OBJECTIVE To develop and validate a real-time quantitative PCR (qPCR) assay for the detection and quantification of Mycoplasma ovis in goats and investigate the prevalence and risk factors for hemoplasma infection of goats located in Indiana.

ANIMALS 362 adult female goats on 61 farms.

PROCEDURES Primers were designed for amplification of a fragment of the dnaK gene of M ovis by use of a qPCR assay. Blood samples were collected into EDTA-containing tubes for use in total DNA extraction, blood film evaluation, and determination of PCV. Limit of detection, intra-assay variability, interassay variability, and specificity of the assay were determined.

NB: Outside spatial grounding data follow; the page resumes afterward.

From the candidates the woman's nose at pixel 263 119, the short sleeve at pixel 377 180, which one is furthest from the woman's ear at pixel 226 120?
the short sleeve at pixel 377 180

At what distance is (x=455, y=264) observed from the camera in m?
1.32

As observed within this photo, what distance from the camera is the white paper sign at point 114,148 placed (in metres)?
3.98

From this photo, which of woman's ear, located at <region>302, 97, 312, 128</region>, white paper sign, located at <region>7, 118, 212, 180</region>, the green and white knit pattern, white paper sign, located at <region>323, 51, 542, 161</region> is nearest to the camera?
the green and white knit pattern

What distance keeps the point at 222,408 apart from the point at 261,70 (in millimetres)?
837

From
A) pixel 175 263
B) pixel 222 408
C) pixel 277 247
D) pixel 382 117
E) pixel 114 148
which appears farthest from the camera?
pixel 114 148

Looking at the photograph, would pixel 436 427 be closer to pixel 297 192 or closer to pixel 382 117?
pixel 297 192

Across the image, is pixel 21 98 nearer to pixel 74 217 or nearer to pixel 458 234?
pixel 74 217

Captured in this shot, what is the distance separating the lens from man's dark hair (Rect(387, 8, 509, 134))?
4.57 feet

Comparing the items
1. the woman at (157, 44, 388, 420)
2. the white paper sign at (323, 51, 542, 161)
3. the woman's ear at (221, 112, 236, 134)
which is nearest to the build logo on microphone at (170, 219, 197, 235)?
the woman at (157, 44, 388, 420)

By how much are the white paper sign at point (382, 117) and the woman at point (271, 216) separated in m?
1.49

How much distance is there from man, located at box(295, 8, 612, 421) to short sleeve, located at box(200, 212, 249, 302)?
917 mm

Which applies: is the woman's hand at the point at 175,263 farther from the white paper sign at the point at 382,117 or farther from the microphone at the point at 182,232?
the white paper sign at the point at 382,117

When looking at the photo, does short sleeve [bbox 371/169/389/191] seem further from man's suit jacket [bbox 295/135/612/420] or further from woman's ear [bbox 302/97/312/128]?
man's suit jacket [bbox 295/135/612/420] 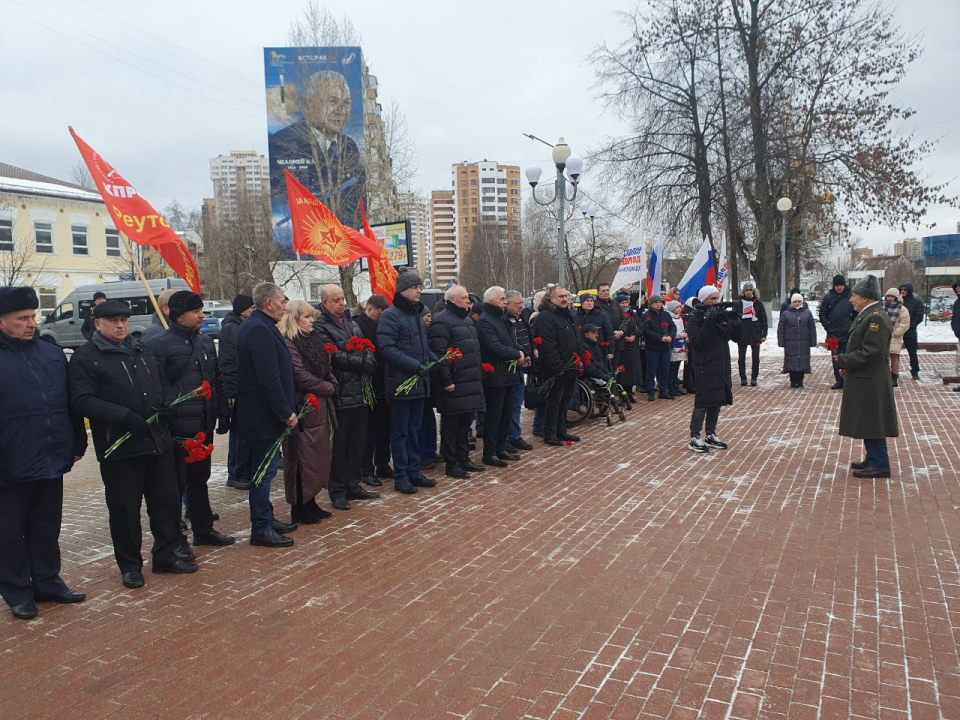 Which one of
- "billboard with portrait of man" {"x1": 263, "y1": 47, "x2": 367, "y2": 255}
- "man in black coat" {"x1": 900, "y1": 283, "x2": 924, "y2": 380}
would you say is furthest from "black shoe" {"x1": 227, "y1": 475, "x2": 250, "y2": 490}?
"billboard with portrait of man" {"x1": 263, "y1": 47, "x2": 367, "y2": 255}

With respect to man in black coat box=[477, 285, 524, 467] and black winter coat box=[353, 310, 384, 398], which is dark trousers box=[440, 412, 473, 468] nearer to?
man in black coat box=[477, 285, 524, 467]

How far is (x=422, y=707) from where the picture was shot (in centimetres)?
332

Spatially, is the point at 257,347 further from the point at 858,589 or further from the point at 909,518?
the point at 909,518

RESULTS Reaction efficiency of the qPCR assay was 94.45% (R2, 0.99; slope, −3.4623), and the assay consistently detected as few as 10 copies of plasmid/reaction. Prevalence of infection in goats on the basis of results for the qPCR assay was 18.0% (95% confidence interval, 14% to 22%), with infected goats ranging from 1 to 14 years old, whereby 61% (95% confidence interval, 47% to 73%) of the farms had at least 1 infected goat. Bacterial load in goats infected with M ovis ranged from 1.05 × 103 target copies/mL of blood to 1.85 × 105 target copies/mL of blood; however, no bacteria were observed on blood films. Production use of a goat was the only risk factor significantly associated with hemoplasma infection.

CONCLUSIONS AND CLINICAL RELEVANCE The qPCR assay was more sensitive for detecting hemoplasma infection than was evaluation of a blood film, and production use of a goat was a risk factor for infection.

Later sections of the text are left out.